Before hunting for bugs, detect the tech stack and build an explicit mental model of the codebase. This phase changes HOW you think for the rest of the audit.
Stack detection:
ls package.json tsconfig.json 2>/dev/null && echo "STACK: Node/TypeScript"
ls Gemfile 2>/dev/null && echo "STACK: Ruby"
ls requirements.txt pyproject.toml setup.py 2>/dev/null && echo "STACK: Python"
ls go.mod 2>/dev/null && echo "STACK: Go"
ls Cargo.toml 2>/dev/null && echo "STACK: Rust"

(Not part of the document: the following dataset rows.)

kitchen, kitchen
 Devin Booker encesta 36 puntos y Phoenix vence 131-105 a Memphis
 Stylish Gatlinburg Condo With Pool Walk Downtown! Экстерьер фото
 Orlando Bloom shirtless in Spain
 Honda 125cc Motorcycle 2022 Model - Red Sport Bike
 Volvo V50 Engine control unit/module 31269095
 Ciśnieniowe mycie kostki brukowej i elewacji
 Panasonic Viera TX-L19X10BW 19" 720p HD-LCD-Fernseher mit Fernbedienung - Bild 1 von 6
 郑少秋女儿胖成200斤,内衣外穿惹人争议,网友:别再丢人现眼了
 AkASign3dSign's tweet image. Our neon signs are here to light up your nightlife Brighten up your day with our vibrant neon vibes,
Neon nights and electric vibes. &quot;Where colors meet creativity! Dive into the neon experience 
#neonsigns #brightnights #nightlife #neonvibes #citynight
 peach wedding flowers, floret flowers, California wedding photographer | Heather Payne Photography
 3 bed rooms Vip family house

ls pom.xml build.gradle 2>/dev/null && echo "STACK: JVM"
ls composer.json 2>/dev/null && echo "STACK: PHP"
find . -maxdepth 1 \( -name '*.csproj' -o -name '*.sln' \) 2>/dev/null | grep -q . && echo "STACK: .NET"Framework detection:
grep -q "next" package.json 2>/dev/null && echo "FRAMEWORK: Next.js"
grep -q "express" package.json 2>/dev/null && echo "FRAMEWORK: Express"
grep -q "fastify" package.json 2>/dev/null && echo "FRAMEWORK: Fastify"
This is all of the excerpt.